Indeed, the object type seems to be the problem – note that you can even simplify your example as follows (tested with Numpy 1.24.3 on Python 3.10.10):

vgg = vgg16(pretrained=True)
vgg.load_state_dict(torch.load("vgg16_model.pth", map_location='cpu'), strict=True)
params_list = [param.detach().numpy() for param in vgg.parameters()]
params1 = np.array(params_list, dtype=object)
params2 = np.array(params_list, dtype=object)
print(np.array_equal(params1, params2))
# >>> False

That is, even if the elements inside your params1 and params2 object arrays are identical float arrays (not only equal/equivalent ones), the comparison will return False.

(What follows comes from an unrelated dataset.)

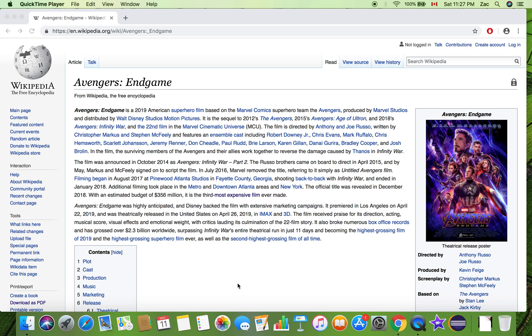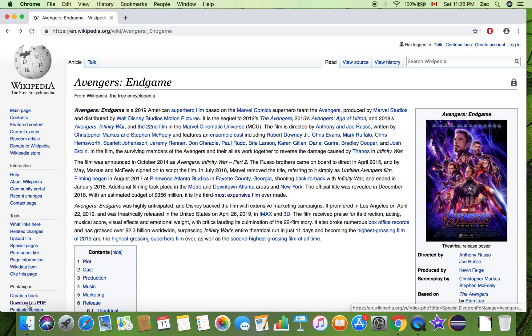It's very simple — Wikipedia has made things much easier for people like us. On the left-hand side, go down to the 'Print / Export' section and you'll see a link that says 'Download as PDF.' As you can see, I've clicked on this link before.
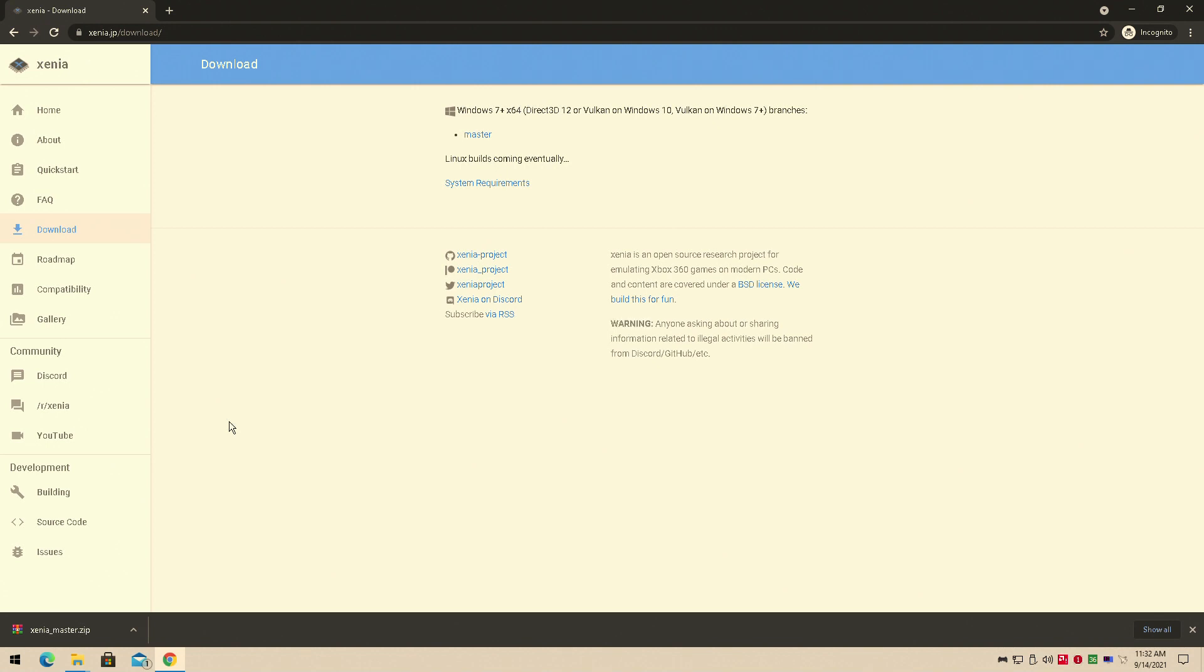Hey guys, welcome back to ZoneRule16, I am your host Javon, and today we're back with a brand new little setup video. Let me show you how to set up the Xenia emulator, otherwise known as the Xbox 360 emulator, on your PC.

The comparison of Numpy arrays of type object to me seems rather unintuitive and is not very well documented. The only documentation hinting at this behavior that I could find is in some old Numpy release notes:

Object array equality comparisons

In the future object array comparisons both == and np.equal will not make use of identity checks anymore. For example:

>>> a = np.array([np.array([1, 2, 3]), 1])
>>> b = np.array([np.array([1, 2, 3]), 1])
>>> a == b

will consistently return False (and in the future an error) even if the array in a and b was the same object.

While your observed behavior is described there, the decision as to why this comparison returns False is not really motivated.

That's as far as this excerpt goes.